→ Exercise brief: All of the data should be repeated exactly; pictures are not part of the copy.

→ Provided data:
--------------------------------------------------

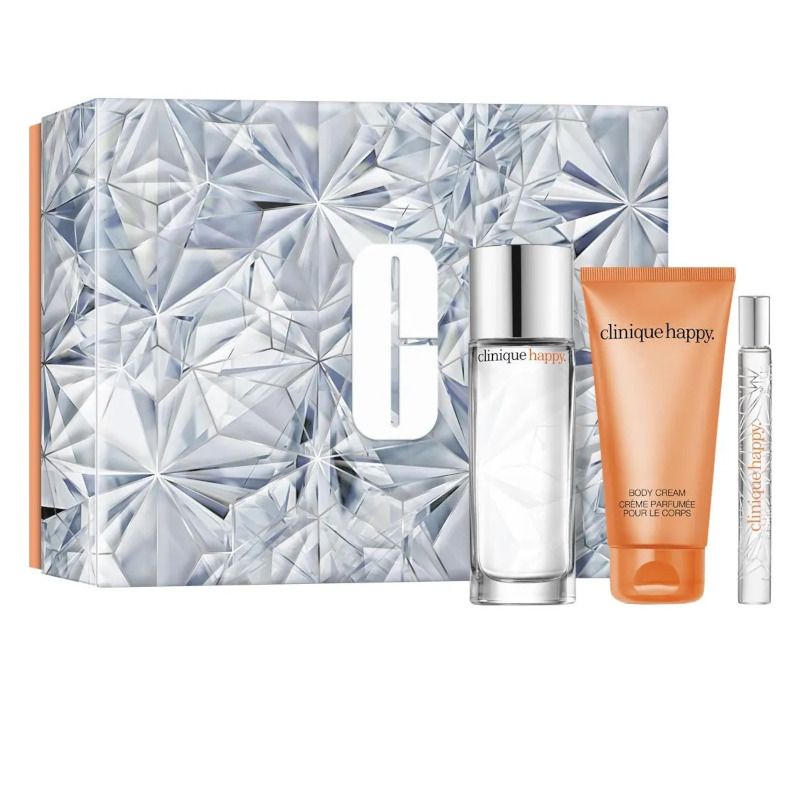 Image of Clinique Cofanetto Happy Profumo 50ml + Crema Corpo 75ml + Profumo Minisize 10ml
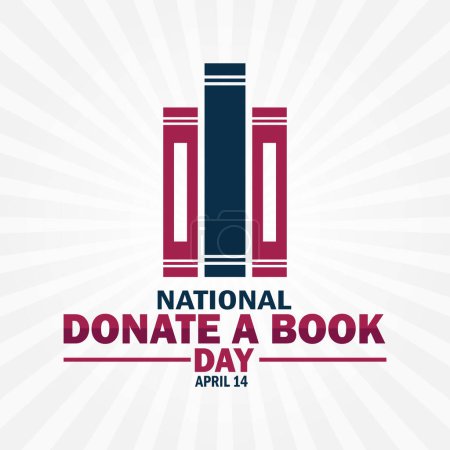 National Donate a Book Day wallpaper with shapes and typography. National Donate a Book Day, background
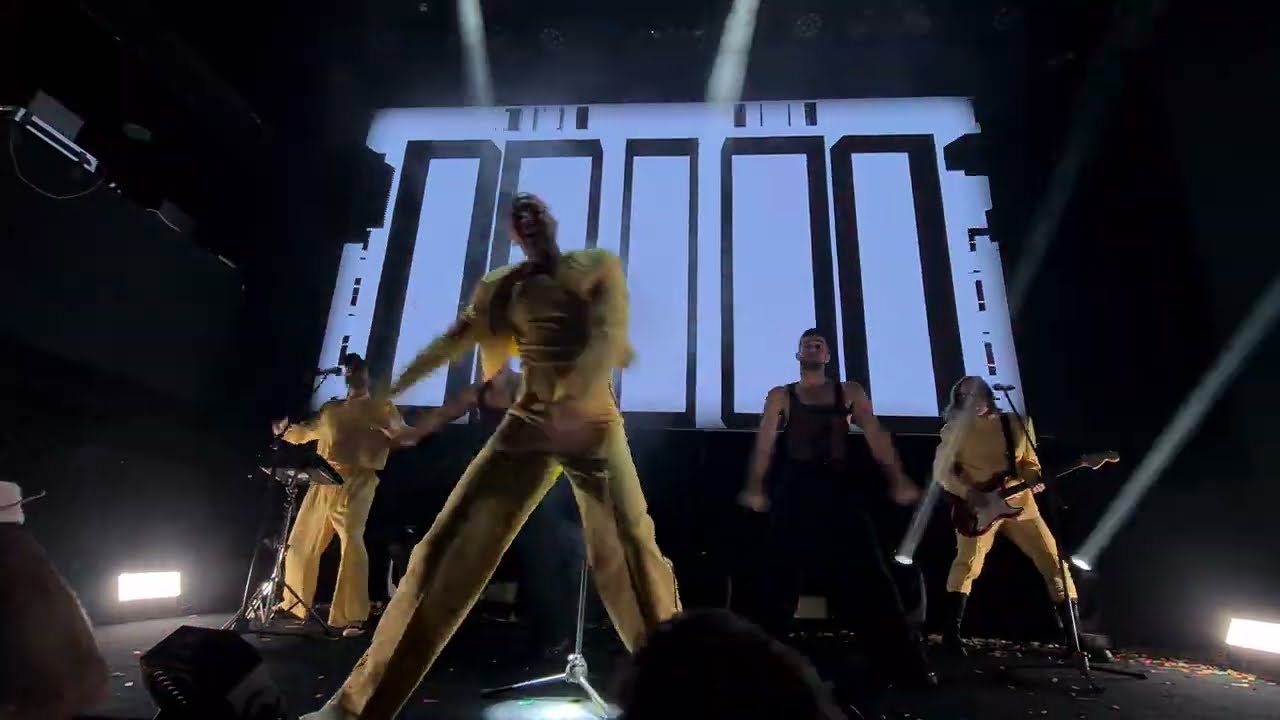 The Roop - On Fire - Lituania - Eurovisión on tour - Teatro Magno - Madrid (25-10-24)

--------------------------------------------------

→ Answer to this exercise:
 Image of Clinique Cofanetto Happy Profumo 50ml + Crema Corpo 75ml + Profumo Minisize 10ml
 National Donate a Book Day wallpaper with shapes and typography. National Donate a Book Day, background
 The Roop - On Fire - Lituania - Eurovisión on tour - Teatro Magno - Madrid (25-10-24)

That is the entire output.